GIVEN INFORMATION >>

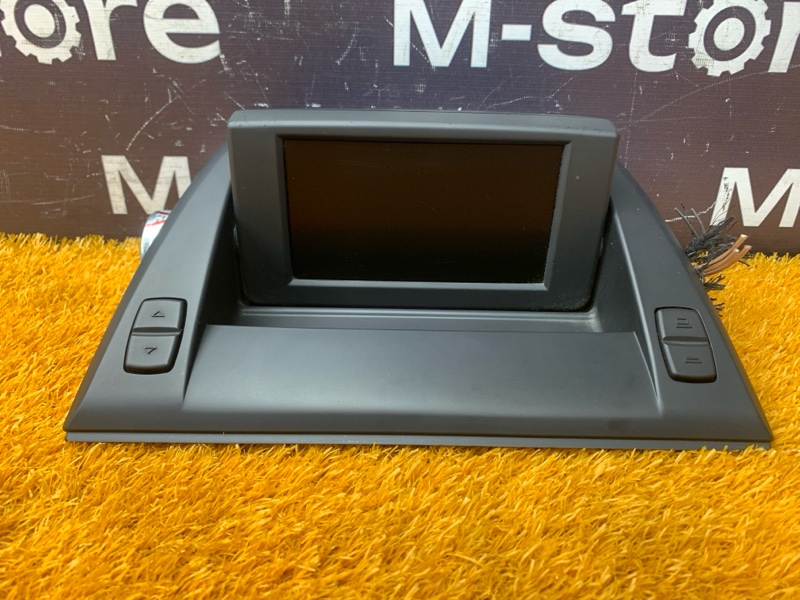 монитор, 5500 рублей, Красноярск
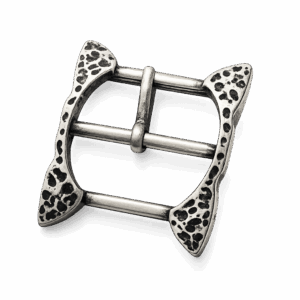 HEBILLA 2636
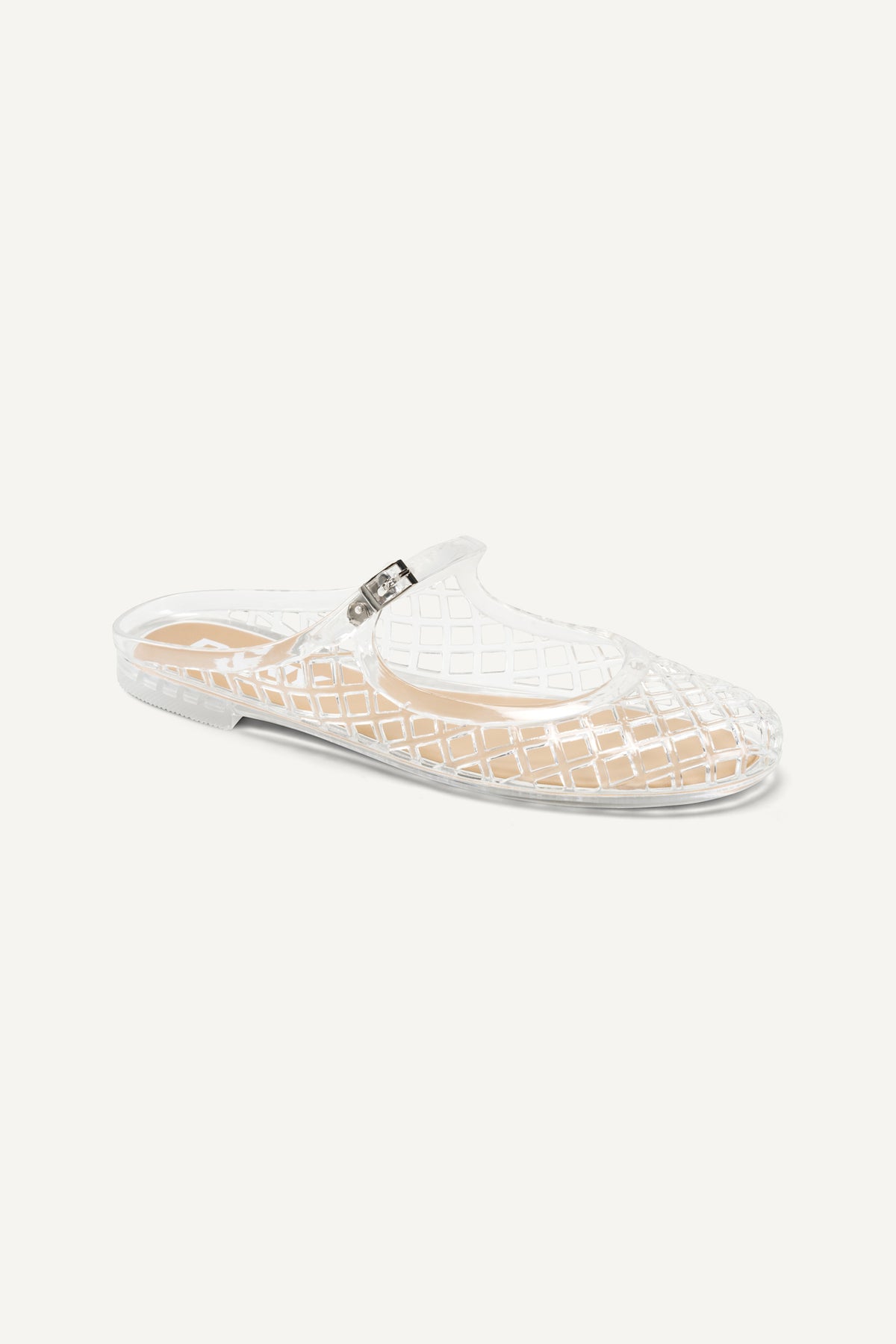 LOUEY MARY JANE FLAT View 2 | Under $100 LOUEY MARY JANE FLAT View 2 | Under $100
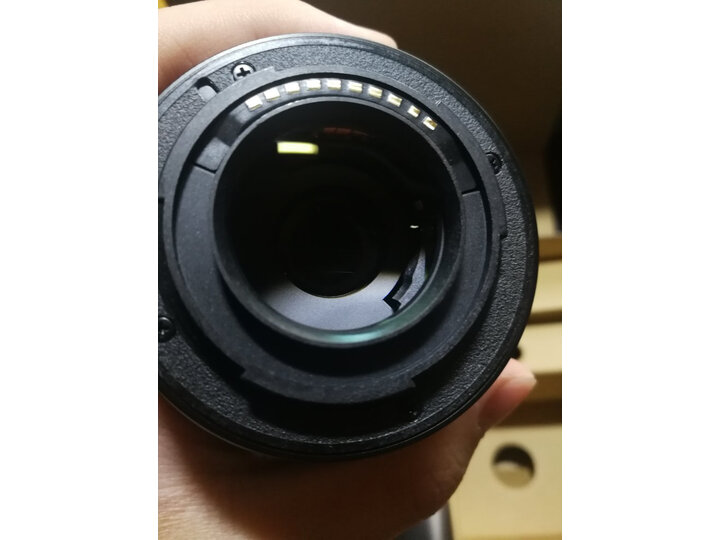 富士xt100和xa5哪个好点-富士xt100和xa5深度对比_好物推荐_第10张_itswebtime 富士xt100和xa5哪个好点-富士xt100和xa5深度对比_http://www.itswebtime.com_好物推荐_第10张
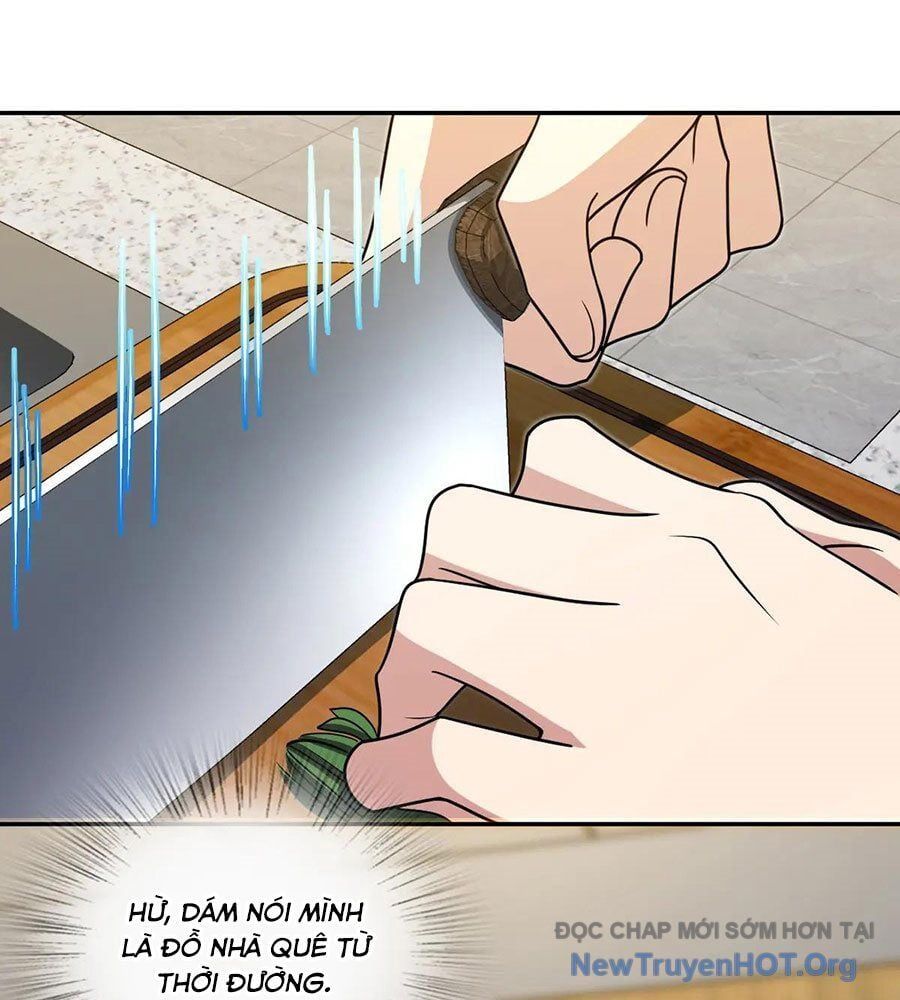 Chapter 397 - Image 3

WHAT YOU SHOULD DO >> Return each line above exactly; any pictures are to be skipped.

ANSWER AREA >>
 монитор, 5500 рублей, Красноярск
 HEBILLA 2636
 LOUEY MARY JANE FLAT View 2 | Under $100 LOUEY MARY JANE FLAT View 2 | Under $100
 富士xt100和xa5哪个好点-富士xt100和xa5深度对比_好物推荐_第10张_itswebtime 富士xt100和xa5哪个好点-富士xt100和xa5深度对比_http://www.itswebtime.com_好物推荐_第10张
 Chapter 397 - Image 3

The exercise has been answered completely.